Slow performance when iterating over large documents takes around

Arnas_Stonkus · March 17, 2022, 11:17am

I currently have a collection of ~50 documents (each around 1mb), where each document contains some metadata and an array of up to 10000 basic elements containing time, value.

When iterating over queried cursor, getting each document takes up to 0.5s. Is that normal performance for larger files or is there something wrong?

steevej · March 17, 2022, 5:04pm

It could be normal. It depends on many factors.

Please, share the characteristics of your installation.

Personally, I am worry about having a small number of documents that contains an order of magnitude more basic elements. I feel it is unbalanced. It looks like the bucket pattern has been over exploited.

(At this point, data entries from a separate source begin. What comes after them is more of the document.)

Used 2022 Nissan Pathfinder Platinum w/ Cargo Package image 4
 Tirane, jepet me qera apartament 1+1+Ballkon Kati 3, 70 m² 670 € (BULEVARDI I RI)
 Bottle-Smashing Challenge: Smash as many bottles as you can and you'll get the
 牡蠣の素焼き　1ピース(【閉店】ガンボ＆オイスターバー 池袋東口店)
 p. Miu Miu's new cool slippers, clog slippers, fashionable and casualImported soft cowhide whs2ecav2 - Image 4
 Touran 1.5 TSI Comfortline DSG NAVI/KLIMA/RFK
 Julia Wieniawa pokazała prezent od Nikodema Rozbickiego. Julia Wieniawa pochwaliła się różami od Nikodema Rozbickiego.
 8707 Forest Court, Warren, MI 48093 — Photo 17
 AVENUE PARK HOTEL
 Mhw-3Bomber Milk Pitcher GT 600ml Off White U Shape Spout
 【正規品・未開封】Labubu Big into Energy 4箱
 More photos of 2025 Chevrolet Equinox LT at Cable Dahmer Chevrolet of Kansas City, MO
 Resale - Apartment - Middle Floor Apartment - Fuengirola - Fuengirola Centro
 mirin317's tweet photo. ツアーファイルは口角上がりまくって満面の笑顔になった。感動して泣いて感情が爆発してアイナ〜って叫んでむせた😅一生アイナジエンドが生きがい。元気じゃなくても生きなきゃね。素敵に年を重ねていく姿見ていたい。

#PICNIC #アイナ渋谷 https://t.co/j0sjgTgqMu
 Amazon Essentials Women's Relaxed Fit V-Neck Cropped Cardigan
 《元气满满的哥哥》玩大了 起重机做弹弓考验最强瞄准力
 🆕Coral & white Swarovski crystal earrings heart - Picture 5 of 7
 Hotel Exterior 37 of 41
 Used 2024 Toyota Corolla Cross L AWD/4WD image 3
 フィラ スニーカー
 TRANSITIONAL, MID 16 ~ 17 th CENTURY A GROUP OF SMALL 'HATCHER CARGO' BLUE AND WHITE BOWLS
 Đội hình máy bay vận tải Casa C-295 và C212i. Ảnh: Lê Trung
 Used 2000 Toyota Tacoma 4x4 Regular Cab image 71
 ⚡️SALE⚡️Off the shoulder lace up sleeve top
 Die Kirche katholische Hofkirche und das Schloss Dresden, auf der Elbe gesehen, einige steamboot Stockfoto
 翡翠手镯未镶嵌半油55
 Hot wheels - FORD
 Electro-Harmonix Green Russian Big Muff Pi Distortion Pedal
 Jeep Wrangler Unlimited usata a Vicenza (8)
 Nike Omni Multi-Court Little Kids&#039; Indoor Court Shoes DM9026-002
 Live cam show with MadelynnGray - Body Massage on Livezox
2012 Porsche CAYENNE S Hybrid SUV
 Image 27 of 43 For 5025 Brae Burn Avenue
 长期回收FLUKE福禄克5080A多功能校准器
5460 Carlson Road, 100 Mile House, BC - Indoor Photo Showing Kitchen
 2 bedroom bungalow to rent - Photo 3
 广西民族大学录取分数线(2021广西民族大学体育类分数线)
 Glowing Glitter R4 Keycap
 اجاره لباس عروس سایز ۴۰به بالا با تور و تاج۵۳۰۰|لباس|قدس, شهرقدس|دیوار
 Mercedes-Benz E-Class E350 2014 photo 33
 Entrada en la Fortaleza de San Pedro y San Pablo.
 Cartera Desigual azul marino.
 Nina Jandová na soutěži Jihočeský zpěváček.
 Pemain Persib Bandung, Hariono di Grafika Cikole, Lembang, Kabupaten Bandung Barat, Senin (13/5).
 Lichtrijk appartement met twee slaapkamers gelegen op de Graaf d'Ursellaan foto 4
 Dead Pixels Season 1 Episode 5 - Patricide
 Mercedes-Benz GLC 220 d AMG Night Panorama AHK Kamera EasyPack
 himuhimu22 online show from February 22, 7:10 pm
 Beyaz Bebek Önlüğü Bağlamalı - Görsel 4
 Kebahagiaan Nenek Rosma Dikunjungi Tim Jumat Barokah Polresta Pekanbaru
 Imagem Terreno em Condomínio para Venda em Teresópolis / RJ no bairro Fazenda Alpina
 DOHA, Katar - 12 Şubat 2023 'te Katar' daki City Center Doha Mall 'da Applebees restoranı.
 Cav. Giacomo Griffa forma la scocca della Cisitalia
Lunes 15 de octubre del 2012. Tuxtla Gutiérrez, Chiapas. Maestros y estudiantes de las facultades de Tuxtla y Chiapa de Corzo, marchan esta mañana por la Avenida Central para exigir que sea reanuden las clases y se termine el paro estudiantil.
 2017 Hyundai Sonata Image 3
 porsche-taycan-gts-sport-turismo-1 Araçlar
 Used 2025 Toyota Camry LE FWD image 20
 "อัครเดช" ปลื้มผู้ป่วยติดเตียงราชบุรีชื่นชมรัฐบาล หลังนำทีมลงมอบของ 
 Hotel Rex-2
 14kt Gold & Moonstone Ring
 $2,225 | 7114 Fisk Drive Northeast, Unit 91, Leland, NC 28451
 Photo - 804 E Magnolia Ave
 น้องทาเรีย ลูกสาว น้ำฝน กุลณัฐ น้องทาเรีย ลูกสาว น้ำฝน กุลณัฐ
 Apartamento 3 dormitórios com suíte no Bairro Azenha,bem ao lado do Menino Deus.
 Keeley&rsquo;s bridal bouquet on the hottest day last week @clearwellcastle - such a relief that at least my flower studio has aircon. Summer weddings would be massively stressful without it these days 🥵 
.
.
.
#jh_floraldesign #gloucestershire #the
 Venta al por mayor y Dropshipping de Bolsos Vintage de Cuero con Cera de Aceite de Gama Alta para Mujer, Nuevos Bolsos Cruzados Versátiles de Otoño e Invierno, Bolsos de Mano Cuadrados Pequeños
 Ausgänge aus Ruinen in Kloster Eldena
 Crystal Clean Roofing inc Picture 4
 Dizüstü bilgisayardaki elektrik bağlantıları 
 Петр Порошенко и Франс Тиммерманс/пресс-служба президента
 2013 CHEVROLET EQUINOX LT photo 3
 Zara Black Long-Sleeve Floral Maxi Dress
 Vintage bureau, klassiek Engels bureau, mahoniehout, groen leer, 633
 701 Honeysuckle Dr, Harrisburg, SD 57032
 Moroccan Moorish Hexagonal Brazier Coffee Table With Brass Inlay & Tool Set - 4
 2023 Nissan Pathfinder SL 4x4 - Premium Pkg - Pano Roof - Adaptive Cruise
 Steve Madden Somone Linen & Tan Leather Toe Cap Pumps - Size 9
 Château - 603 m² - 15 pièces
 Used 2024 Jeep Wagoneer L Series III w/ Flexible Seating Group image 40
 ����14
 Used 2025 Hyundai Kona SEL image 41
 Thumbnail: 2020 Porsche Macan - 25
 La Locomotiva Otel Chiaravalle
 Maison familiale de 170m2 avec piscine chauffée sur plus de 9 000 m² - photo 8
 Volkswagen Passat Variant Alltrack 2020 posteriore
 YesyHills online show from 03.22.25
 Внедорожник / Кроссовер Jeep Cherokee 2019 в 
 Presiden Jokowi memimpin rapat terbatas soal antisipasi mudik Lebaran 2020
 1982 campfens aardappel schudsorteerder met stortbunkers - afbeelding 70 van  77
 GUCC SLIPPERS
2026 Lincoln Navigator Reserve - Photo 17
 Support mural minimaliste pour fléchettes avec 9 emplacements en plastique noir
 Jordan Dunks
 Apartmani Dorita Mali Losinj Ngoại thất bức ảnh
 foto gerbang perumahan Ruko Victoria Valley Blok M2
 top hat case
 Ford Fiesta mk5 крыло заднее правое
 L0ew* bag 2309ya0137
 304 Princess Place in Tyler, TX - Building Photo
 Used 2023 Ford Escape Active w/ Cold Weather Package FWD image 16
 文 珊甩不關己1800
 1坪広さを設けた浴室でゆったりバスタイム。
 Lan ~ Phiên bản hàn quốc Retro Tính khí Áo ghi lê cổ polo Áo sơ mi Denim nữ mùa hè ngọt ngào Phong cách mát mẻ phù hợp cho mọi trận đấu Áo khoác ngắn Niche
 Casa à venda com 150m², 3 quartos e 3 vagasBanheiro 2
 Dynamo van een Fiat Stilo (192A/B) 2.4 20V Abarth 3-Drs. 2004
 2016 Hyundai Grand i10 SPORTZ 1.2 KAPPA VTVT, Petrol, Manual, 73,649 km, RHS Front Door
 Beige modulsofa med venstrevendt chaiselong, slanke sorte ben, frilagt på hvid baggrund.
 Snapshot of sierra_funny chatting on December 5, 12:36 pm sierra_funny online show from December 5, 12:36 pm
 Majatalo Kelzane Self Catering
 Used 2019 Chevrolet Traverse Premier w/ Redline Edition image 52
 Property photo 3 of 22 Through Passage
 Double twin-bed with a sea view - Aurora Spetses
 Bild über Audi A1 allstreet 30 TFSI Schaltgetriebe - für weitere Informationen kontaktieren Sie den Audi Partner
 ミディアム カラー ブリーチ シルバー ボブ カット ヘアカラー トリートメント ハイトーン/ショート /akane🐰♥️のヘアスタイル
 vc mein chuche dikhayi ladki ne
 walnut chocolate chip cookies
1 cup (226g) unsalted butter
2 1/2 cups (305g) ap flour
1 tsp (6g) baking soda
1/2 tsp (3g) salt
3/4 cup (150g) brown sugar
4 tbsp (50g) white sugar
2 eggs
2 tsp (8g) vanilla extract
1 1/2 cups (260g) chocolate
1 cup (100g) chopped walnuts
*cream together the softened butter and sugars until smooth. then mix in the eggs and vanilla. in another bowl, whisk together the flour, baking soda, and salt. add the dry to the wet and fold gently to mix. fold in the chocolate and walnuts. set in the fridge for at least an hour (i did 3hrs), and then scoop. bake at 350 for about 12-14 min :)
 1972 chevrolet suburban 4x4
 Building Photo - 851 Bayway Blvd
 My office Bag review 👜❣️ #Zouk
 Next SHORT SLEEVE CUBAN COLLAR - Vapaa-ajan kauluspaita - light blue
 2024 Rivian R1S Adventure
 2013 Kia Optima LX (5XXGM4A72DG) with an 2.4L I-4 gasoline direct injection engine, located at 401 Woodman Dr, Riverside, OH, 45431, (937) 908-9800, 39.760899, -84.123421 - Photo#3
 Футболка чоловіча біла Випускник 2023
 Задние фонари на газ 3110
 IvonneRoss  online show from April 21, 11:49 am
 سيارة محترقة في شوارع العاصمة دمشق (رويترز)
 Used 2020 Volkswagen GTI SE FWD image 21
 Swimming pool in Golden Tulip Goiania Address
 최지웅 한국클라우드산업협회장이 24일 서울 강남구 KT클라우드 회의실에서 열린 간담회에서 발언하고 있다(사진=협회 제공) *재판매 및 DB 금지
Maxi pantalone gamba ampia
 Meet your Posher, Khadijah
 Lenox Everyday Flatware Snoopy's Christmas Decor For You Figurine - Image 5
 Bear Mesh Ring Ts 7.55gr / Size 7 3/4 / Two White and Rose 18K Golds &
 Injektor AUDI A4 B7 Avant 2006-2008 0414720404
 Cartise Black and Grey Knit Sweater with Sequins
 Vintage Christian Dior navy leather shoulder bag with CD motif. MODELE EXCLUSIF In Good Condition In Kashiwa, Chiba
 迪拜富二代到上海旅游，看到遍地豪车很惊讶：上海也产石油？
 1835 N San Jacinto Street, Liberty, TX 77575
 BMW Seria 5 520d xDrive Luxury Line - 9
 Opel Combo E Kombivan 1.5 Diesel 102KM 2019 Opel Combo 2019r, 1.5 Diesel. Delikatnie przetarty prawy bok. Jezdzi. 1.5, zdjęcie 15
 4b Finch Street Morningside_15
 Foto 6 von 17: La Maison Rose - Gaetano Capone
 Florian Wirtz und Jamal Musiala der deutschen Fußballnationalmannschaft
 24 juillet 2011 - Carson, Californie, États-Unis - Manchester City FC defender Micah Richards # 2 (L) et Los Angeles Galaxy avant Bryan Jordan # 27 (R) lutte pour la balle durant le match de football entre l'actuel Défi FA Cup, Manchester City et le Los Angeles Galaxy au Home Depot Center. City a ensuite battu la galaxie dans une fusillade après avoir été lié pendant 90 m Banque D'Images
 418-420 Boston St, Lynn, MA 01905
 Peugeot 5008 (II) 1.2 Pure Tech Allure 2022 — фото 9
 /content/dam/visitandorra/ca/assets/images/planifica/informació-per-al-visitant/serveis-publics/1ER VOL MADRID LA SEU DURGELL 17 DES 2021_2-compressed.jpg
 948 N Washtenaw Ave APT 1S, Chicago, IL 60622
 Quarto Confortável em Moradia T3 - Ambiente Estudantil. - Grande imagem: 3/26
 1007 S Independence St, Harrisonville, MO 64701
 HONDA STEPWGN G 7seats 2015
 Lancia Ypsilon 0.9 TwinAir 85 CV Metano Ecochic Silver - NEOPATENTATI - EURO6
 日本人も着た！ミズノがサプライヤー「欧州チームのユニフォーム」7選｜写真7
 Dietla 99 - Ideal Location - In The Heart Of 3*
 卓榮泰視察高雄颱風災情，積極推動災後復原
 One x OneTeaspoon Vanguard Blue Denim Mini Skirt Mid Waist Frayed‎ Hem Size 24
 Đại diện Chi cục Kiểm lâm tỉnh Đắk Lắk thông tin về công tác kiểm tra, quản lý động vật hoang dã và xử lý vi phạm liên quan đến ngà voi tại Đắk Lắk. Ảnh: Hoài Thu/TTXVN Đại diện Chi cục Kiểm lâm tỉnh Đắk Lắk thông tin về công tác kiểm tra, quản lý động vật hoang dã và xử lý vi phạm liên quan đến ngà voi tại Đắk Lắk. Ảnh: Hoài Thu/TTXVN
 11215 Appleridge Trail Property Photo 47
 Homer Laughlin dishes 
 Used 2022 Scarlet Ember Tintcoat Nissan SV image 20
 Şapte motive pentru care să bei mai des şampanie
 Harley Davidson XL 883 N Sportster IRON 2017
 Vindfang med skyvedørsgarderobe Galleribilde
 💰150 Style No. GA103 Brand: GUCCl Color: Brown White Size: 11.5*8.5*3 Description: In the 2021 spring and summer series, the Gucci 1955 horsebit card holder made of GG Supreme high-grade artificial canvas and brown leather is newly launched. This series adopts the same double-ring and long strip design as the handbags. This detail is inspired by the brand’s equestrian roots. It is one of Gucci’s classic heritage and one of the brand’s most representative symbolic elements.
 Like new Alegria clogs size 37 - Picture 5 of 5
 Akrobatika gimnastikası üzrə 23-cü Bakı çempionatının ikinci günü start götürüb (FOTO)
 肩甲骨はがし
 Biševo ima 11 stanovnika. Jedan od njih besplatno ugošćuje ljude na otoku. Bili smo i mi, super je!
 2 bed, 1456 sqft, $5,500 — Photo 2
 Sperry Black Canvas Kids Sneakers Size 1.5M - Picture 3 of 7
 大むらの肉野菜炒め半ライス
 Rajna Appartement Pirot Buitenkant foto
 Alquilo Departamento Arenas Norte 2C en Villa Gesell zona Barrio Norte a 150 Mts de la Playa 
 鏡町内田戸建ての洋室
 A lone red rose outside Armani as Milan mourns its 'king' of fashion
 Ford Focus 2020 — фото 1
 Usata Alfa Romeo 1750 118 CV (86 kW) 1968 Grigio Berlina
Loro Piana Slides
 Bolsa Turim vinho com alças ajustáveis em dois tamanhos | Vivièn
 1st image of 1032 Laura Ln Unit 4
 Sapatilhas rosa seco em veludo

Do you really need the 10k basic elements in the majority of your use-cases? If so and depending of what you are doing with those 10k data points, may be you should consider having the server doing the work using the aggregation framework.

Arnas_Stonkus · March 18, 2022, 9:37am

Installation:
I have the default configuration of MongoDB 3.6 installed on a machine with 64GB RAM.

Regarding use case:
In majority of use cases I end up going through all of 10k data points iteratively, doing some statistical analysis, that’s a bit too complicated for the aggregation framework.
I tried to reduce the size of buckets (from 10k to 100), but that provided only a minor performance improvement.

I thought about just storing each data point as a separate document, but I figured bucket pattern would be of decent use here.

If there is any difference, I use Pymongo to access the database and perform my analysis.

steevej · March 22, 2022, 1:36am

Is that a dedicated server or something is running on it?

Is your client code running on the same machine or remote?

What kind of permanent storage?

What kind of CPU?

Downloading that much data for you normal use-case will be hard to optimized.

Despite being complicated it would be a good idea to try to do it with the aggregation framework.

Is the data changing regularly?

You could pre-compute part of the intermediate results something along the line of Building With Patterns: The Computed Pattern | MongoDB Blog.

Arnas_Stonkus · March 22, 2022, 9:56am

No

The client connects to the machine remotely. To clarify more, client connects to read test data for an application from the DB

SSD

16 core cpu

The DB is mostly used for reading data, the data is modified rarely.

I understand that for this use-case it’s hard to optimize the data reading, but I thought that perhaps I did some DB design/usage mistakes that made an impact on the performance.
Also I wondered what speed could be expected from MongoDB+my setup when 1mb file is being fetched.

steevej · March 22, 2022, 1:04pm

Definitively a good case for the Computed Pattern mentioned earlier.

the one I see is

because

Juho_Lepisto · March 24, 2022, 10:31am

Hello, I’m colleague of Arnas. We are using MongoDB as a test data database, i.e. we read test inputs for our test application from the database, so this unfortunately rules out computed pattern. The raw data is always needed.

So is MongoDB feasible only for use cases where only small amount of data is needed at once? If this is the case we might need to return to the drawing board.

steevej · March 24, 2022, 1:40pm

Nothing stops you from keeping the raw data along with some computed metrics of data that will not change.

I understand the need to keep the raw data for some Ad hoc queries.

Any data storage system that you use to download that much data for every use case will be slow.

Yes. Starting with

wan · March 26, 2022, 8:40am

Hi @Arnas_Stonkus ,

As you said that in majority of use cases you end up going through all 10k points in iteration.

Does 0.5 seconds the time that is taken to iterate or just to fetch ? And how do you measure this ?

I would suggest to perform a test from the same instance server (DB and application) to remove network latency. Your network performance would play an important factor here.

Also, do you have any database server metrics / performance monitoring on to check where the bottlenecks are ?

Regards,
Wan.